- _To do_:
Copy out each record below, exactly as given.

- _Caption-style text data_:
-*-*-
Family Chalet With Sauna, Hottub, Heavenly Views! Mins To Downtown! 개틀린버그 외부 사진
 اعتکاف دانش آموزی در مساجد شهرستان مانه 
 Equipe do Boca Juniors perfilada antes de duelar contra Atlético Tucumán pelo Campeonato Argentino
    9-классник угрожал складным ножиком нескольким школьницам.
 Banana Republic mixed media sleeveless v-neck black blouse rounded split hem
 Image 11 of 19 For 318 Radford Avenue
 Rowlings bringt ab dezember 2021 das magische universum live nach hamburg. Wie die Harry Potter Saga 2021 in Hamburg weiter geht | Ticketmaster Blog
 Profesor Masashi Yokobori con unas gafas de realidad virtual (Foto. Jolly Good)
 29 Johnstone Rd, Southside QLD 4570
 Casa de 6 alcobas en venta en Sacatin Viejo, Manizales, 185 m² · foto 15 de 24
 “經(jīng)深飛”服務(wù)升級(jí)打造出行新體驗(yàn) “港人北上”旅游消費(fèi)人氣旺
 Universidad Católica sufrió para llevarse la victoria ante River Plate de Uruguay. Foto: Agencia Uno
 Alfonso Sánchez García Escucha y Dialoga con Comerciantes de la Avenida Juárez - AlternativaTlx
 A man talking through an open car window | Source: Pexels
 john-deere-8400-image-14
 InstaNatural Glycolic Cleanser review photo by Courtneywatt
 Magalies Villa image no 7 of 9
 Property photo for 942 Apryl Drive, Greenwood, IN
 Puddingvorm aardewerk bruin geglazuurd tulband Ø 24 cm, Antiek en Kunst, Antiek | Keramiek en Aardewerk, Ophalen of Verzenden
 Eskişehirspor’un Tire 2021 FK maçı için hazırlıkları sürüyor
-*-*-
- _Output for this exercise_:
Family Chalet With Sauna, Hottub, Heavenly Views! Mins To Downtown! 개틀린버그 외부 사진
 اعتکاف دانش آموزی در مساجد شهرستان مانه 
 Equipe do Boca Juniors perfilada antes de duelar contra Atlético Tucumán pelo Campeonato Argentino
    9-классник угрожал складным ножиком нескольким школьницам.
 Banana Republic mixed media sleeveless v-neck black blouse rounded split hem
 Image 11 of 19 For 318 Radford Avenue
 Rowlings bringt ab dezember 2021 das magische universum live nach hamburg. Wie die Harry Potter Saga 2021 in Hamburg weiter geht | Ticketmaster Blog
 Profesor Masashi Yokobori con unas gafas de realidad virtual (Foto. Jolly Good)
 29 Johnstone Rd, Southside QLD 4570
 Casa de 6 alcobas en venta en Sacatin Viejo, Manizales, 185 m² · foto 15 de 24
 “經(jīng)深飛”服務(wù)升級(jí)打造出行新體驗(yàn) “港人北上”旅游消費(fèi)人氣旺
 Universidad Católica sufrió para llevarse la victoria ante River Plate de Uruguay. Foto: Agencia Uno
 Alfonso Sánchez García Escucha y Dialoga con Comerciantes de la Avenida Juárez - AlternativaTlx
 A man talking through an open car window | Source: Pexels
 john-deere-8400-image-14
 InstaNatural Glycolic Cleanser review photo by Courtneywatt
 Magalies Villa image no 7 of 9
 Property photo for 942 Apryl Drive, Greenwood, IN
 Puddingvorm aardewerk bruin geglazuurd tulband Ø 24 cm, Antiek en Kunst, Antiek | Keramiek en Aardewerk, Ophalen of Verzenden
 Eskişehirspor’un Tire 2021 FK maçı için hazırlıkları sürüyor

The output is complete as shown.